Novas Histórias do Tempo da Velha Escola (MCXXXIX)

Trancoso, 7 de fevereiro de 2043 

Na década de sessenta, pela primeira vez na história da educação, se assevera que “a expressão escola de comunidade procura significar o desenquistamento isolacionista da escola tradicional”. A Escola, no futuro, passaria a ser um nodo comunitário. E a escola não se reduziria a um lugar fixo murado. 

Quem assim a definia era o Mestre Lauro. Antes dele, apenas dispúnhamos de definições “híbridas”, pois tratavam de “levar a escola para a comunidade”, ou “a comunidade para a escola”, mantendo intacta a estrutura instrucionista.

Lauro parte de Piaget, para a crítica da “pedagogia predial”, reafirmando que a escola não era um prédio, sugerindo que as escolas seriam pessoas… em comunidade. 

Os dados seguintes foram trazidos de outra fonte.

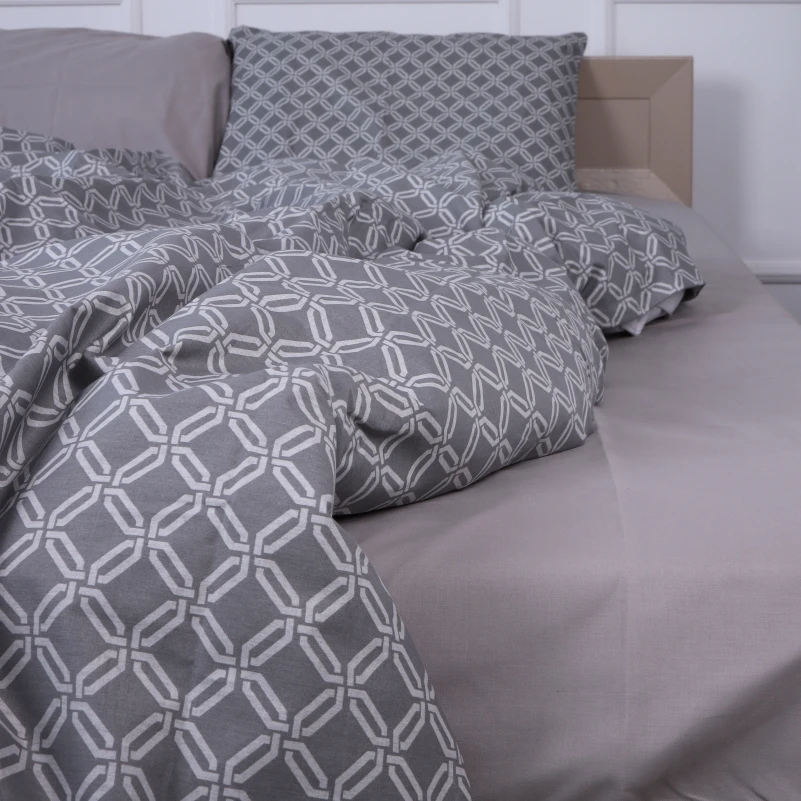 Наволочка Бязь 17-4740 Rhombuses - 3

Embora a expressão comunidade de aprendizagem não surgisse explícita na obra de Lauro, já se manifestara no Brasil, desde o final do século XIX e início do vigésimo século, num pout pourri de tendências e práticas. Os ideais de Zola, Louise Michel e os princípios de Francisco Ferrer se manifestavam, a humanização da escola acontecia da colônia que Pedro II ofertara ao libertário Rossi a Alessandro Cerchai e a sua Escola Libertária Germinal, do colégio de Eurípedes à comunidade terapêutica da Nise, da Itatiaia de Agostinho, aos vocacionais de Nilde. 

Um pacto de silêncio se formou em torno de iniciativas como a Universidade Popular de Ensino Livre, do Rio de Janeiro e as Escolas Modernas de São Paulo e de Bauru, da primeira década do século XX. Quem ouviu falar da Escola Germinal, do Ceará, da Escola Social, de Campinas, da Escola Operária, de Vila Isabel, e da Escola Moderna, de Petrópolis? Os professores de Porto Alegre saberão que, em 1906, havia por lá uma escola com o nome de Elisée Reclus?

A minha amiga Amélia, da Casa Redonda de Carapicuíba, presenteou-me com um esboço elaborado por Lauro de Oliveira Lima, no início da década de sessenta. A visão percussora do Mestre Lauro impressiona. Embora marcado pela época, o esboço antecipou em trinta anos os primeiros estudos conhecidos sobre comunidades de aprendizagem de origem anglo-saxônica e catalã. 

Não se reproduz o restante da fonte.